In January 1927 when Harvard's librarian offered him a full-time position processing Chinese and Japanese language materials at the college library, he happily accepted and proudly began his career as what we called now a subject librarian in the East Asian field. He served as the founding librarian at Harvard-Yenching Library until 1965, and accepted as the consultant responsible for creating a new East Asian Library at the Univeridsty of Minnesota the following year, and became the founding library director of the Chinese University of Hong Kong in 1967.

Drawing upon the experience and knowledge gained in China and the United States, Chiu devised a unique classification scheme for Chinese and Japanese books, which was subsequently adopted by many American libraries with collections in East Asian vernaculars. This scheme, commonly known as Harvard-Yenching classification, had definite advantages in handling traditional literature and scholarship. It was, however, less well adapted to the treatment of contemporary subjects. Beginning in the early 1970s, as the Library of Congress (LC) printed catalog cards became widely available, more and more East Asian collections using that classification scheme have shifted to the LC system. While the Harvard-Yenching scheme has now become a historical term, it dominated all aspects of East Asian librarianship for over half a century.

In additional to his pioneering work at Harvard, Chiu was also personally involved in building library collections at two other campuses: the University of Minnesota and the Chinese University of Hong Kong. He first determined the objectives of the library, set up collection development guidelines, and finally worked out strategies for acquiring materials. His philosophy was that a collection policy should reflect the educational needs, subject strengths, regional conditions, and long-range plans of a particular library. The Minnesota program became a model for many East Asian libraries in the United States which were established in the 1960s. Meanwhile, the vision and leadership he provided at the new Hong Kong institution constituted a cornerstone for the future growth and development.

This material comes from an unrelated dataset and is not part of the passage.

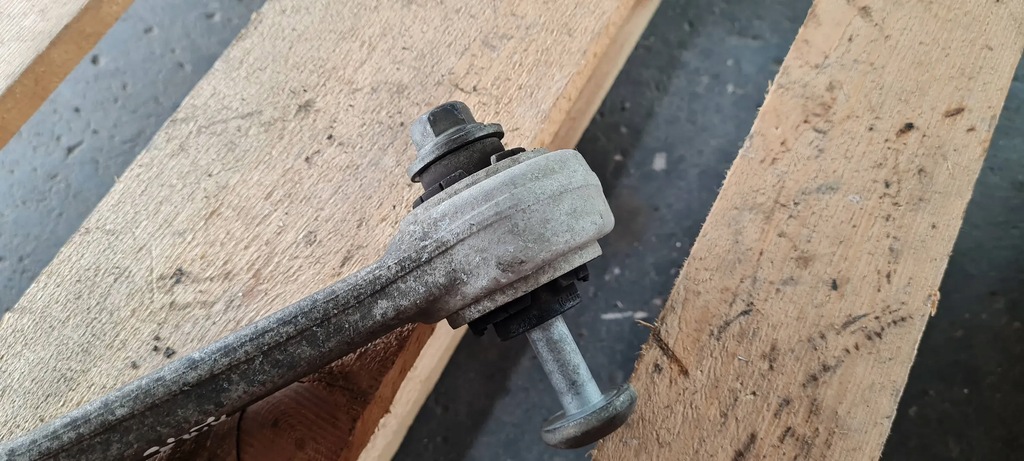 фото №12, A5 8w рычаг левый перед передний 8w0407155a a4 b9 8w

Another of Chiu's accomplishments had been the training of young librarians. In the 1930s he invited a group of bright young people with expertise in Chinese studies to Harvard for training and work. Most of them were instrumental in building subject collections or serving as area specialists in East Asian studies in the various types of libraries in the West.

Last but not least among Chiu's contributions as a librarian are his many academic and professional publications. A bibliography of his published works compiled by 1965 lists 50 titles. His monumental work, A Classification Scheme for Chinese and Japanese Books, was published by the American Council of Learned Societies, Washington, D.C., 1943. His Cataloguing Rules for Chinese Books, published in 1931 by the Commercial Press in Shanghai, had been used as a textbook by library schools and as a working tool by librarians throughout China for decades. His articles dealing with East Asian librarianship have appeared in such professional journals as ALA Bulletin, Harvard Journal of Asiatic Studies, Library Journal, and Library Quarterly. One year before his death, Chiu presented a paper entitled "Chinese Rare Books in the Harvard-Yenching Library" at the 28th annual meeting of the Association for Asian Studies in Toronto, 1976. The paper shed new light on connoisseuship and on the subject of panbenxue, studies of editions. Quite appropriately, it reflected his life-long love of Chinese books.

Dr. Alfred Kaiming Chiu often remarked somewhat ruefully that an academic librarian who is not a scholar risks the contempt of his colleagues on the faculty, while a librarian whose greatest love is scholarly research will probably neglect his responsibility as a librarian. Perhaps the greatest accomplishment of his career was his successful balancing of those potentially contradictory elements. Thus he was not only a distinguished librarian but, at the same time, a scholar's scholar and a librarian's librarian--and above all, a whole and very human person. (William Sheh Wong, Asian Studies Librarian, University of California, Irvine).